Oh yes, that's right, the smells. Nothing bad, of course, but all smell, any smell period, reminds me of the skunks. Some days I take on every attribute of a hyper-alert, hunted animal. My peripheral vision becomes super human, my nose more sensitive than the finest wine-taster's. Skunks in Loma Linda, you must understand, are aggressive predators.

Just the other day, I was running innocently down a deserted lane when a cat crossed my intended trajectory about 100 feet ahead. At least, I told myself it was a cat, with a really big busy tail. I didn't have long to rest in this comforting fable, however, for within seconds, the harmless cat was a skunk, pausing in mid stride, looking straight at me. I stopped. Surely, the skunk would continue on its way? But no, it turned towards me and began to run, purposefully, menacingly. I fled. Then, less than five minutes later, another skunk. This time, it was running up the street I was running down. I slowed my pace. Surely my last experience was a fluke and this skunk would see me and flee? Nay! The skunk saw me, but did not change course. Instead, its casual amble became an uncompromising, all-out charge. I fled once again.

Oddly enough, those two nervy skunks did not ruin my run. I actually chuckled most of the way home. Two stinky striped creatures had changed my run from a sublime revere into a farcical comedy.
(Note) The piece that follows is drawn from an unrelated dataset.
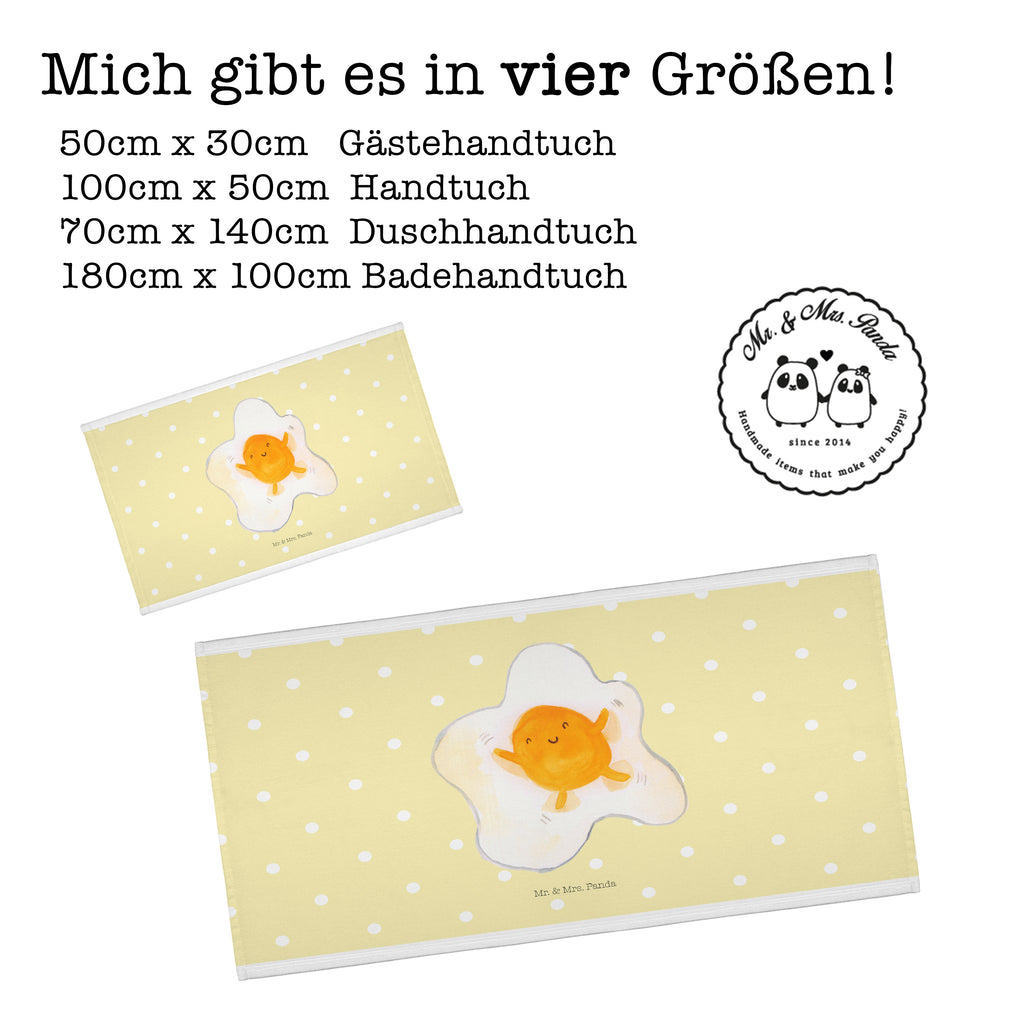 Gäste Handtuch Spiegelei Gästetuch, Reisehandtuch, Sport Handtuch, Frottier, Kinder Handtuch, Tiermotive, Gute Laune, lustige Sprüche, Tiere, Ei, Spiegelei, Schön, Tag, Glücklich, Liebe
On the way back, I actually checked both ways as I crossed a street, not for cars (at 4am) but for skunks!

I couldn't wait to tell Christy my silly tale, but after regaling her with the full story, a serious and important thought occurred to me: We have real life passing us by each day, by turns dramatic, romantic, exciting, or just downright hilarious, but too often, we don't even notice. We have become so busy, so overstimulated, so over-entertained, that our sensitivity to real experience is pathetically dull.

We should simplify life at least enough to notice it, preferably enough to appreciate it, and hopefully enough to revel in it. I'm no saint of simplicity, but if the smells of sleepy Loma Linda suddenly can remind me of stinky skunks, then hopefully this little story will put my mind onto a far better scent--the smell of simplicity.